For decades, neuroscientists have linked functions such as attention, perception, memory, language and reasoning to specialized brain networks, often studying those systems in isolation. But that approach leaves a central question unresolved: how a unified mind emerges from many specialized parts.
“Neuroscience has been very successful at explaining what particular networks do, but much less successful at explaining how a single, coherent mind emerges from their interaction,” said Aron K. Barbey, the Andrew J. McKenna Family Professor of Psychology at the University of Notre Dame.
A team led by Notre Dame graduate student Ramsey R. Wilcox set out to test predictions from the Network Neuroscience Theory, a framework that argues general intelligence (often called “g”) reflects coordinated activity across the brain’s global network architecture rather than the output of any single brain region.
To evaluate that idea, the researchers analyzed brain imaging and cognitive performance data from 831 adults in the Human Connectome Project. They also examined an independent sample of 145 adults in the INSIGHT Study. By jointly modeling measures of brain structure and intrinsic functional patterns, the team assessed large-scale features of how the brain is organized.

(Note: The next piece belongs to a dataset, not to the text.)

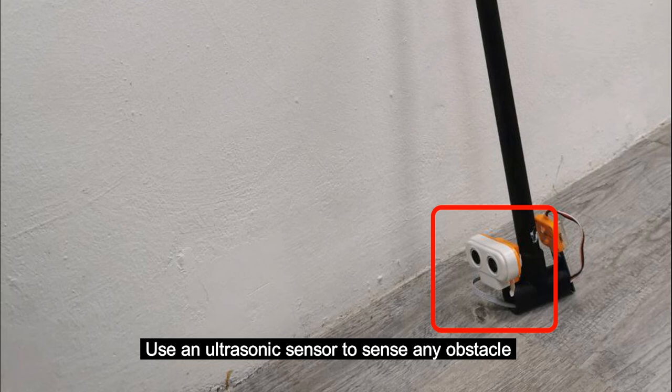We have used an ultrasonic sensor for obstacle detection. If the ultrasonic sensor senses any obstacles, the buzzer and vibrator will turn on.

The study reported evidence consistent with four core predictions of the theory: that general intelligence (1) engages multiple networks rather than a single network, supporting distributed processing; (2) depends in part on weak, long-range connections that promote efficient global coordination; (3) involves regions that help orchestrate interactions among networks, guiding information flow; and (4) is associated with a small-world network architecture that balances local clustering with short communication paths across the brain.
“We found evidence for system-wide coordination in the brain that is both robust and adaptable,” Wilcox said, adding that such coordination helps set the range of cognitive operations the system can support rather than being tied to any one task.
Barbey said the results argue for a shift away from strictly localist accounts of intelligence. “General intelligence becomes visible when cognition is coordinated,” he said, “when many processes must work together under system-level constraints.”
The paper lists Babak Hemmatian and Lav R. Varshney of Stony Brook University as co-authors.
The researchers also said the findings could inform broader questions about brain development, aging and the effects of diffuse brain injury—cases where large-scale coordination across networks may change. They further suggested the work may have relevance for artificial intelligence research by highlighting system-level organization, not only the scaling of specialized capabilities, as a potential ingredient in more flexible, general-purpose performance.
“Many AI systems can perform specific tasks very well, but they still struggle to apply what they know across different situations,” Barbey said.